The ’06 factory loads are available from 110 grains to 220 grains to fill the hunter’s needs for bullets better suited for various game animals or target use.

Because of the popularity of this cartridge, every bullet weight category includes many choices to suit the specific needs of the rifle the hunter is using. There are also factory-loaded “light magnums” which move the 30.06 up almost to the speed and energy of the .300 Winchester Magnum.

It is not commonly understood, but very important, that two similar rifles may shoot the same ammunition differently as far as accuracy is concerned.

Try different manufacturers, bullet weights and bullet types until your rifle lets you know which ones it likes best by putting the holes closer together on the target.

The sky is the limit with the bullet/load combinations available to the handloader.

The .30 calibre is the most commonly-utilized medium bore calibre, so literally hundreds of different bullet types and weights are readily available. The reloading manuals contain many more suggested loads and combinations for the 30.06 than for any other cartridge.
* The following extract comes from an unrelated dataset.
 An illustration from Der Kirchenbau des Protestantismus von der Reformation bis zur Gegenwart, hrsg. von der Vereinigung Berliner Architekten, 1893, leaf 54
For the plinker, or anyone else who just likes to shoot, 30.06 ammunition from the Second World War is still available by the case.

These are full metal jackets (FMJ), so not legal for hunting big game in the Yukon, but they are fine for an afternoon of shooting pleasure.

The 30.06 with a 180 grain bullet that produces 2,800 pounds-feet of energy at the muzzle is the minimum cartridge to hunt bison in the Yukon. This standard was created to try to minimize the wounding loss rate which might occur with lesser cartridges.

Unfortunately too many hunters still think a “super-magnum” will kill better, when bullet placement is the real key to success.

Wildcat cartridges are where someone takes a cartridge and “necks” it up or down (makes the opening smaller or larger) to accommodate a bullet of a different calibre.

The 30.06 has been used for many variations, with the most common and regularly used in the Yukon being the 25.06 Remington, .270 Winchester, .280 Remington and .35 Whelan. The 30.06 just doesn’t stop being successful.

I am totally consistent in my answer when a new hunter asks me, “What rifle should I buy for my first or only Yukon hunting rifle?”

Without hesitation and completely prepared to defend my answer, I advise to buy a 30.06 and you’ll never be sorry.

The guns are available used as well as new, at all price levels. The recoil can be dealt with (and mitigated with a pad), and ammunition is available all the time and everywhere.

The 30.06 Springfield has lasted for over 100 years as one of the most popular and capable hunting cartridges in history.

Probably no other cartridge will ever match its record for popularity and effectiveness.

Its reputation and century-old acceptance have endured because it is simply a totally excellent all-round cartridge.